Make no mistake, though, there is worse to come. Consider President-elect Donald Trump’s conduct since Election Day and that, for his first round of senior appointments, he has  skimmed the scum from the fetid pond of the Republican Party’s extreme right.

Over the past week, the putative leader of the free world has picked a truculent twitter quarrel with the cast of Hamilton, the most popular musical play to run on Broadway for years. He has childishly complained that Saturday Night Live is “unfair” to him. The appreciation of satire, we are reminded, is reserved for those mature enough to possess a sense of irony.

This week, Trump demonstrated once again that he remains at heart a developer and television personality who confuses publicity for news when he summoned leading broadcasters and television correspondents to his Fifth Ave. lair and dressed them down. The fact that they sat through his ill-tempered tirade is as much a reflection on them as it is on him.

“We’re in a room of liars,” the president-elect blustered, “the deceitful dishonest media who got it all wrong.” He singled out CNN CEO Jeff Zucker by name, charging that he heads a “network of liars,” Trump said, “‘I hate your network. Everyone at CNN is a liar, and you should be ashamed.’”

Then there are the appointments.

Steve Bannon, who Trump has named his chief strategist and senior counselor, is the notorious former chief of the right-wing Breitbart web site. He is a bigot and an anti-Semite and played in an instrumental role in facilitating the emergence of the white supremacist, neo-Nazi alt-right’s emergence from under the rocks where it has heretofore lurked.

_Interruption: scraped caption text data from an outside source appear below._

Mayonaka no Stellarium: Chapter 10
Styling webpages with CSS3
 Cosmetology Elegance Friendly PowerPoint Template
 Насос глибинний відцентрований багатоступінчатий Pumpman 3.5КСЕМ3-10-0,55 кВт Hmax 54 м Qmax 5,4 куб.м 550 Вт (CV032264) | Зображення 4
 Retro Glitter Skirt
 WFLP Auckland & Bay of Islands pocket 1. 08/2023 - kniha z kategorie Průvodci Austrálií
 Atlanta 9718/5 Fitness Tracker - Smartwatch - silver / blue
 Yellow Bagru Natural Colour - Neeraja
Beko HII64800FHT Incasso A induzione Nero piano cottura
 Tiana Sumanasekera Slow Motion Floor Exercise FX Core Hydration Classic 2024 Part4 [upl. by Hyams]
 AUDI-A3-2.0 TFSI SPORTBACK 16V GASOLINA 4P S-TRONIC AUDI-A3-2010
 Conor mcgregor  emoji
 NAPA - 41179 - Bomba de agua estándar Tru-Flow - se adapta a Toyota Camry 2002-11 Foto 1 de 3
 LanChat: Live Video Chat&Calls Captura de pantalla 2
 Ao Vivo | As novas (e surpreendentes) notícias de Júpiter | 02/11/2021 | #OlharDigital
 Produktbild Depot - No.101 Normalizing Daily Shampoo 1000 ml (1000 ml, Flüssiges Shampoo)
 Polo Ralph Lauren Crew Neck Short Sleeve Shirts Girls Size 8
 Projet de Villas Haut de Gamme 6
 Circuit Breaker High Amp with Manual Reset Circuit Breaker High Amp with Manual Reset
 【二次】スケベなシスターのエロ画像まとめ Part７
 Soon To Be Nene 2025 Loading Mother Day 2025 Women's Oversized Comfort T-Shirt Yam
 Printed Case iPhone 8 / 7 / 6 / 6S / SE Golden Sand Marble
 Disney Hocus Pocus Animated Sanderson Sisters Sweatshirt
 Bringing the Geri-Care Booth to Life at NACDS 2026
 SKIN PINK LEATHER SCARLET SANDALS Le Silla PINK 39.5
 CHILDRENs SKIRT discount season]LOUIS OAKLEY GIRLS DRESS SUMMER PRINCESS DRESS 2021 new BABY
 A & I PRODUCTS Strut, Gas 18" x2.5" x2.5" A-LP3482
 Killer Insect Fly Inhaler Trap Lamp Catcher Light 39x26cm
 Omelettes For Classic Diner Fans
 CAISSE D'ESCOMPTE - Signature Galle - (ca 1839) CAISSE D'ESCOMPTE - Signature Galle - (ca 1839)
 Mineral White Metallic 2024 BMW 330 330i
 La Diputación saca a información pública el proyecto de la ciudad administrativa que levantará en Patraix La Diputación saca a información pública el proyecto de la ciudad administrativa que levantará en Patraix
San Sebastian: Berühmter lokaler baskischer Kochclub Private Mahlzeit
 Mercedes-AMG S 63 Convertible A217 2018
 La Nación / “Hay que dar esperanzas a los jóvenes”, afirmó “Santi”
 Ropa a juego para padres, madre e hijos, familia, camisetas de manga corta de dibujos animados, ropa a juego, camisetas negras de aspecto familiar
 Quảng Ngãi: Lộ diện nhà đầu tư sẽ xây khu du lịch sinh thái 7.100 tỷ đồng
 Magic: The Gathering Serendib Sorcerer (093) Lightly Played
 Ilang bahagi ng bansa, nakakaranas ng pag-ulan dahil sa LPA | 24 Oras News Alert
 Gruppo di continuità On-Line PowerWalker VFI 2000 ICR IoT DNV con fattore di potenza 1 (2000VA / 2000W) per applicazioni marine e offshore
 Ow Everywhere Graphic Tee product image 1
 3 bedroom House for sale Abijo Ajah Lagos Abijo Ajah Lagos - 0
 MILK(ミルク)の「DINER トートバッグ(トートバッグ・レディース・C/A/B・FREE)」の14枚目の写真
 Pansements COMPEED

He may deny the anti-Semitism allegations, but none of us lacking the gift of cardio-gnosis can know what another person feels in their heart. We only can judge by what they do, and Breitbart and Trump’s campaign commercial have been suffused by the classic tropes of modern anti-Semitism. Bannon had the ability to prevent that—and he did not.

He is as responsible as anybody for the scandal of the alt-right’s conference just blocks from the White House this past weekend. At that meeting, Jews were viciously denounced and the Nazi salute was given. Richard B. Spencer, most prominent of the alt-right’s leaders, told the crowd that America belongs to white people, the “children of the sun,” a race of “conquerors and creators,” who were “awakening to their own identity” because of Trump’s election.

Thanks, Bannon.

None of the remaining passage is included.